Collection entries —
-- Opening Marker --

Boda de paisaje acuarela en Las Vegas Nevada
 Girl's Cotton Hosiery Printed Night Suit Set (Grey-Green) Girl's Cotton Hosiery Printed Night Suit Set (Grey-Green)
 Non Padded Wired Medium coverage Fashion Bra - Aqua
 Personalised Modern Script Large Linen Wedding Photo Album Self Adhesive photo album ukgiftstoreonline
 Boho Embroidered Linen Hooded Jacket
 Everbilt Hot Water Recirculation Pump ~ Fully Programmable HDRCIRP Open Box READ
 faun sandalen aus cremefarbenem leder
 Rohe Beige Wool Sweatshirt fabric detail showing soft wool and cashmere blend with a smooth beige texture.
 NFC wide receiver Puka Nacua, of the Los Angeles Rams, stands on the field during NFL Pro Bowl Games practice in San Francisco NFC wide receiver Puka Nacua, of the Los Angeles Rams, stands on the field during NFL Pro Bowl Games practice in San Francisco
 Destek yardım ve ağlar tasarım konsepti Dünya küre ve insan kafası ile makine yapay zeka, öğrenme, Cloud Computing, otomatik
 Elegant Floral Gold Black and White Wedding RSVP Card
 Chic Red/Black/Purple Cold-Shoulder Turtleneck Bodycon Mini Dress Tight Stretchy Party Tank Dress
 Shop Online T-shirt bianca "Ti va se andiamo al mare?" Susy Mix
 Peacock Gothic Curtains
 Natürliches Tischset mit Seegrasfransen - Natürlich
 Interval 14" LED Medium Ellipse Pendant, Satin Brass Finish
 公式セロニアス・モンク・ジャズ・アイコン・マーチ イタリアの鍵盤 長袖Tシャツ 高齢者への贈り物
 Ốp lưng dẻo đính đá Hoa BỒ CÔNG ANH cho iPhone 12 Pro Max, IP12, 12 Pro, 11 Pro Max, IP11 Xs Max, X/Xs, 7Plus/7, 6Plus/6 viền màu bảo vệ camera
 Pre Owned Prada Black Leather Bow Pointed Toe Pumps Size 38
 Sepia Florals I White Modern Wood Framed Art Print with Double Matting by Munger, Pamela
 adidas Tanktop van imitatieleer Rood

-- Closing Marker --

Your task —
Exact copies of every record are required, so retype them in full.

Response below —
Boda de paisaje acuarela en Las Vegas Nevada
 Girl's Cotton Hosiery Printed Night Suit Set (Grey-Green) Girl's Cotton Hosiery Printed Night Suit Set (Grey-Green)
 Non Padded Wired Medium coverage Fashion Bra - Aqua
 Personalised Modern Script Large Linen Wedding Photo Album Self Adhesive photo album ukgiftstoreonline
 Boho Embroidered Linen Hooded Jacket
 Everbilt Hot Water Recirculation Pump ~ Fully Programmable HDRCIRP Open Box READ
 faun sandalen aus cremefarbenem leder
 Rohe Beige Wool Sweatshirt fabric detail showing soft wool and cashmere blend with a smooth beige texture.
 NFC wide receiver Puka Nacua, of the Los Angeles Rams, stands on the field during NFL Pro Bowl Games practice in San Francisco NFC wide receiver Puka Nacua, of the Los Angeles Rams, stands on the field during NFL Pro Bowl Games practice in San Francisco
 Destek yardım ve ağlar tasarım konsepti Dünya küre ve insan kafası ile makine yapay zeka, öğrenme, Cloud Computing, otomatik
 Elegant Floral Gold Black and White Wedding RSVP Card
 Chic Red/Black/Purple Cold-Shoulder Turtleneck Bodycon Mini Dress Tight Stretchy Party Tank Dress
 Shop Online T-shirt bianca "Ti va se andiamo al mare?" Susy Mix
 Peacock Gothic Curtains
 Natürliches Tischset mit Seegrasfransen - Natürlich
 Interval 14" LED Medium Ellipse Pendant, Satin Brass Finish
 公式セロニアス・モンク・ジャズ・アイコン・マーチ イタリアの鍵盤 長袖Tシャツ 高齢者への贈り物
 Ốp lưng dẻo đính đá Hoa BỒ CÔNG ANH cho iPhone 12 Pro Max, IP12, 12 Pro, 11 Pro Max, IP11 Xs Max, X/Xs, 7Plus/7, 6Plus/6 viền màu bảo vệ camera
 Pre Owned Prada Black Leather Bow Pointed Toe Pumps Size 38
 Sepia Florals I White Modern Wood Framed Art Print with Double Matting by Munger, Pamela
 adidas Tanktop van imitatieleer Rood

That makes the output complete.